:: WORK REQUEST ::
Print all the entries exactly.

..........

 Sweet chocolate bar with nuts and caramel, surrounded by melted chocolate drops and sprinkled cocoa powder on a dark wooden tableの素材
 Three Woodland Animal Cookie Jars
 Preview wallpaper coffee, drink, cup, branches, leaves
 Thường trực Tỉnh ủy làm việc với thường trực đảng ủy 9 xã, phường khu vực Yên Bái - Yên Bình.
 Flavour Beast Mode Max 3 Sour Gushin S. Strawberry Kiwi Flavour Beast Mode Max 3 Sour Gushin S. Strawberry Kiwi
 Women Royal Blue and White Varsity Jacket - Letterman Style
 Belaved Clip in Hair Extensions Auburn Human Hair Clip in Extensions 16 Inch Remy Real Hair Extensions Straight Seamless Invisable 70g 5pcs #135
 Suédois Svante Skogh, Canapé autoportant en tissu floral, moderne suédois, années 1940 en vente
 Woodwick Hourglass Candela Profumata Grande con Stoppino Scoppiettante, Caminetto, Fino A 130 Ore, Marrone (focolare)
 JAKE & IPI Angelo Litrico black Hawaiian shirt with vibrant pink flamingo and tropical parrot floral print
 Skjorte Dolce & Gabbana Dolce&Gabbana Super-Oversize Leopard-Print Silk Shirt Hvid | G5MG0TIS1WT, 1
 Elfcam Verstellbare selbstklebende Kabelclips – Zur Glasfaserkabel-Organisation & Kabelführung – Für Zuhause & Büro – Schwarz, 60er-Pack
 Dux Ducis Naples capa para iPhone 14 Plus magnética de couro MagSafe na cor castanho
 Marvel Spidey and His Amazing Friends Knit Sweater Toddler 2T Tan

..........

:: REPLY ::
 Sweet chocolate bar with nuts and caramel, surrounded by melted chocolate drops and sprinkled cocoa powder on a dark wooden tableの素材
 Three Woodland Animal Cookie Jars
 Preview wallpaper coffee, drink, cup, branches, leaves
 Thường trực Tỉnh ủy làm việc với thường trực đảng ủy 9 xã, phường khu vực Yên Bái - Yên Bình.
 Flavour Beast Mode Max 3 Sour Gushin S. Strawberry Kiwi Flavour Beast Mode Max 3 Sour Gushin S. Strawberry Kiwi
 Women Royal Blue and White Varsity Jacket - Letterman Style
 Belaved Clip in Hair Extensions Auburn Human Hair Clip in Extensions 16 Inch Remy Real Hair Extensions Straight Seamless Invisable 70g 5pcs #135
 Suédois Svante Skogh, Canapé autoportant en tissu floral, moderne suédois, années 1940 en vente
 Woodwick Hourglass Candela Profumata Grande con Stoppino Scoppiettante, Caminetto, Fino A 130 Ore, Marrone (focolare)
 JAKE & IPI Angelo Litrico black Hawaiian shirt with vibrant pink flamingo and tropical parrot floral print
 Skjorte Dolce & Gabbana Dolce&Gabbana Super-Oversize Leopard-Print Silk Shirt Hvid | G5MG0TIS1WT, 1
 Elfcam Verstellbare selbstklebende Kabelclips – Zur Glasfaserkabel-Organisation & Kabelführung – Für Zuhause & Büro – Schwarz, 60er-Pack
 Dux Ducis Naples capa para iPhone 14 Plus magnética de couro MagSafe na cor castanho
 Marvel Spidey and His Amazing Friends Knit Sweater Toddler 2T Tan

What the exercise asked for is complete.